======== Records supplied
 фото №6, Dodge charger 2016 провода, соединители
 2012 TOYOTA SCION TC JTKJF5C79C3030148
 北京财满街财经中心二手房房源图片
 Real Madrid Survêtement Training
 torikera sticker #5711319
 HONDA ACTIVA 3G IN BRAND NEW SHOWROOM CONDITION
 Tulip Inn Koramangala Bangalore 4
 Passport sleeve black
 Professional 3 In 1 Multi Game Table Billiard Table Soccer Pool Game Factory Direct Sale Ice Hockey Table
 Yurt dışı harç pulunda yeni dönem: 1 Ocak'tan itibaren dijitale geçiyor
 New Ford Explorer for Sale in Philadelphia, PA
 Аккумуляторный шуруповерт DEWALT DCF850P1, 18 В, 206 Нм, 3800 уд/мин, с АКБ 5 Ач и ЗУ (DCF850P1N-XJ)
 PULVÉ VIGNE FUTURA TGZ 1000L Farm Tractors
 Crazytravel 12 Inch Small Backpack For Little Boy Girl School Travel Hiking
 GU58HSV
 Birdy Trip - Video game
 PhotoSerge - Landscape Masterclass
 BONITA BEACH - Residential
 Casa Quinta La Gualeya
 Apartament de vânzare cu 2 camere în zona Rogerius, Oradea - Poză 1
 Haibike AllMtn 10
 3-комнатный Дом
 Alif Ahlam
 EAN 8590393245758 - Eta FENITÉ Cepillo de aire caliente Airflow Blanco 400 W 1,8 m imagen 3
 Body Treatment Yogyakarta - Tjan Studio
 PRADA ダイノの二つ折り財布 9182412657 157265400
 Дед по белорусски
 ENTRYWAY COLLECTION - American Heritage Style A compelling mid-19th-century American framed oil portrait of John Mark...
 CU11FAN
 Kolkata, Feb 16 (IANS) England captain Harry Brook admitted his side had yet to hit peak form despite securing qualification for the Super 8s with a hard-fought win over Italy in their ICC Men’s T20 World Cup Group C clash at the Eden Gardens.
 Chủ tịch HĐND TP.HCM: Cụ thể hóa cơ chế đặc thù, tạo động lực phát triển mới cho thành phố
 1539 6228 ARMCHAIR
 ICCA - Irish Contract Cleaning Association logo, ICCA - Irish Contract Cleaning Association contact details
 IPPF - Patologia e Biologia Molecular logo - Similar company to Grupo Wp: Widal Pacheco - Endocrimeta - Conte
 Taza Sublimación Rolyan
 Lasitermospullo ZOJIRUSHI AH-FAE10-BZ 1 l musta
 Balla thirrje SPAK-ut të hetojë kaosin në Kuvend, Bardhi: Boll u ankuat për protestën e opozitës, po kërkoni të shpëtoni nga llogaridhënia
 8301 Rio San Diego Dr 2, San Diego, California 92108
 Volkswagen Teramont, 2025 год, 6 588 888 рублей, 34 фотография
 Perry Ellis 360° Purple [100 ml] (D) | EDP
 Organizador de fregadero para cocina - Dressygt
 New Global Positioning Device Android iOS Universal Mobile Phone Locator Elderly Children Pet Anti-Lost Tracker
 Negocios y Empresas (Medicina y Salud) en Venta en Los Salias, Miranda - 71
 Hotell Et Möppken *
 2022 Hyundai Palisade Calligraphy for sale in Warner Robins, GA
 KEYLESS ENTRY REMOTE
================
Your objective | All the data above should be set down a second time, exactly.

Answer box |
 фото №6, Dodge charger 2016 провода, соединители
 2012 TOYOTA SCION TC JTKJF5C79C3030148
 北京财满街财经中心二手房房源图片
 Real Madrid Survêtement Training
 torikera sticker #5711319
 HONDA ACTIVA 3G IN BRAND NEW SHOWROOM CONDITION
 Tulip Inn Koramangala Bangalore 4
 Passport sleeve black
 Professional 3 In 1 Multi Game Table Billiard Table Soccer Pool Game Factory Direct Sale Ice Hockey Table
 Yurt dışı harç pulunda yeni dönem: 1 Ocak'tan itibaren dijitale geçiyor
 New Ford Explorer for Sale in Philadelphia, PA
 Аккумуляторный шуруповерт DEWALT DCF850P1, 18 В, 206 Нм, 3800 уд/мин, с АКБ 5 Ач и ЗУ (DCF850P1N-XJ)
 PULVÉ VIGNE FUTURA TGZ 1000L Farm Tractors
 Crazytravel 12 Inch Small Backpack For Little Boy Girl School Travel Hiking
 GU58HSV
 Birdy Trip - Video game
 PhotoSerge - Landscape Masterclass
 BONITA BEACH - Residential
 Casa Quinta La Gualeya
 Apartament de vânzare cu 2 camere în zona Rogerius, Oradea - Poză 1
 Haibike AllMtn 10
 3-комнатный Дом
 Alif Ahlam
 EAN 8590393245758 - Eta FENITÉ Cepillo de aire caliente Airflow Blanco 400 W 1,8 m imagen 3
 Body Treatment Yogyakarta - Tjan Studio
 PRADA ダイノの二つ折り財布 9182412657 157265400
 Дед по белорусски
 ENTRYWAY COLLECTION - American Heritage Style A compelling mid-19th-century American framed oil portrait of John Mark...
 CU11FAN
 Kolkata, Feb 16 (IANS) England captain Harry Brook admitted his side had yet to hit peak form despite securing qualification for the Super 8s with a hard-fought win over Italy in their ICC Men’s T20 World Cup Group C clash at the Eden Gardens.
 Chủ tịch HĐND TP.HCM: Cụ thể hóa cơ chế đặc thù, tạo động lực phát triển mới cho thành phố
 1539 6228 ARMCHAIR
 ICCA - Irish Contract Cleaning Association logo, ICCA - Irish Contract Cleaning Association contact details
 IPPF - Patologia e Biologia Molecular logo - Similar company to Grupo Wp: Widal Pacheco - Endocrimeta - Conte
 Taza Sublimación Rolyan
 Lasitermospullo ZOJIRUSHI AH-FAE10-BZ 1 l musta
 Balla thirrje SPAK-ut të hetojë kaosin në Kuvend, Bardhi: Boll u ankuat për protestën e opozitës, po kërkoni të shpëtoni nga llogaridhënia
 8301 Rio San Diego Dr 2, San Diego, California 92108
 Volkswagen Teramont, 2025 год, 6 588 888 рублей, 34 фотография
 Perry Ellis 360° Purple [100 ml] (D) | EDP
 Organizador de fregadero para cocina - Dressygt
 New Global Positioning Device Android iOS Universal Mobile Phone Locator Elderly Children Pet Anti-Lost Tracker
 Negocios y Empresas (Medicina y Salud) en Venta en Los Salias, Miranda - 71
 Hotell Et Möppken *
 2022 Hyundai Palisade Calligraphy for sale in Warner Robins, GA
 KEYLESS ENTRY REMOTE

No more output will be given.